Just as the drone is an appropriate metaphor for the current age of globalization, the thistle captures the essence of tribal societies.

March 14, 2013

Drone launched from the USS Lassen in September 2010.Credit: Roberto Ruvalcaba/US Navy-Flickr (CC BY 2.0)

By 2012, the United States, in a move typical for its propensity to opt for excess in any matter of security, had commissioned just under 20,000 drones. About half of these are in use.

Ignoring the moral debate, drone operators are equally infatuated with the weapon and the sense of power it gives them. It leaves them “electrified” and “adrenalized.” Flying a drone is said to be “almost like playing the computer game Civilization,” a “sci-fi” experience.

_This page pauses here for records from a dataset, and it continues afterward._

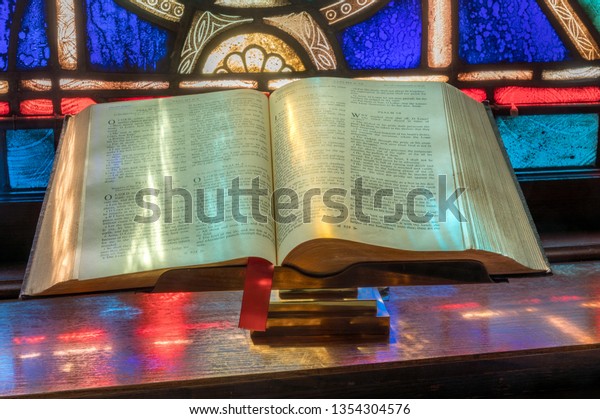 Stock photo of bible illustrated by stained glass windows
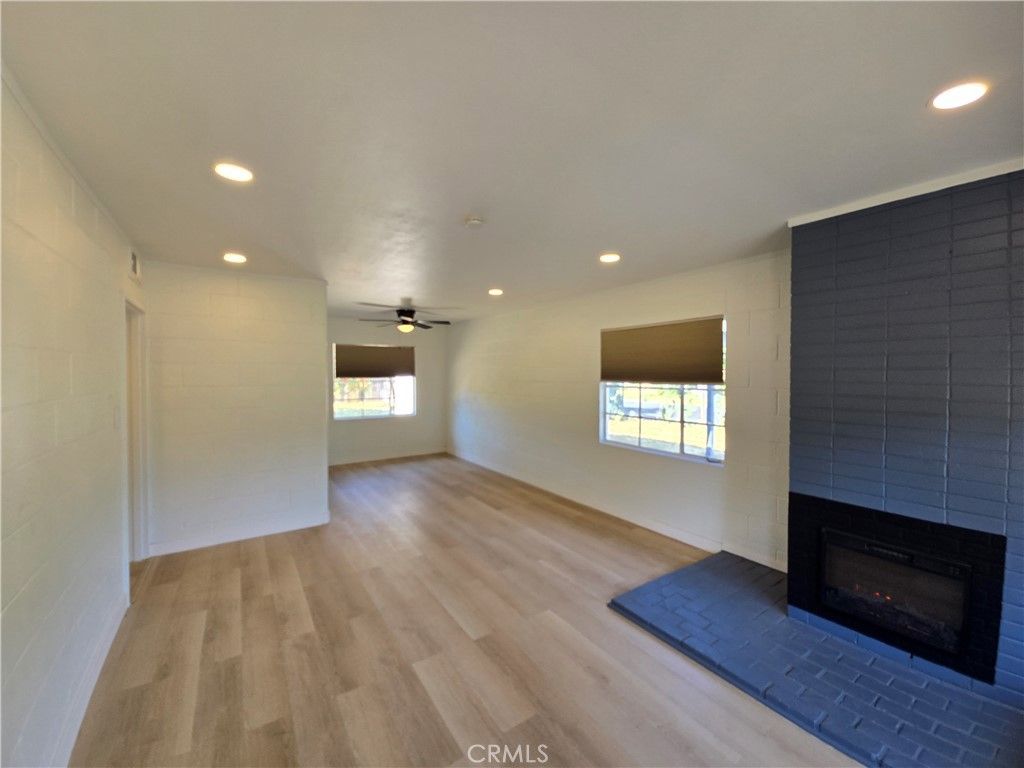 Empty room, Fireplace, Interior, Recessed Lighting, Wood Texture Flooring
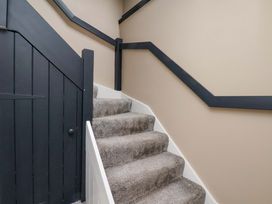 A staircase with carpet and a door at G's Loft in Whitby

A U.S. drone operator in New Mexico revealed the extent to which individuals across the world can be observed in their most private moments. “We watch people for months,” he said. “We see them playing with their dogs or doing their laundry. We know their patterns, like we know our neighbors’ patterns. We even go to their funerals.”

Another drone operator spoke of watching people having sex at night through infrared cameras. The last statement, in particular, has to be read keeping in mind the importance Muslim tribal peoples give to notions of modesty and privacy.

The victims of all drone attacks are, in effect, treated like insects. That description is not my invention, but a reflection of the military slang for a successful strike. The victim that is blown apart on the screen in a display of blood and gore is called “bug splat.”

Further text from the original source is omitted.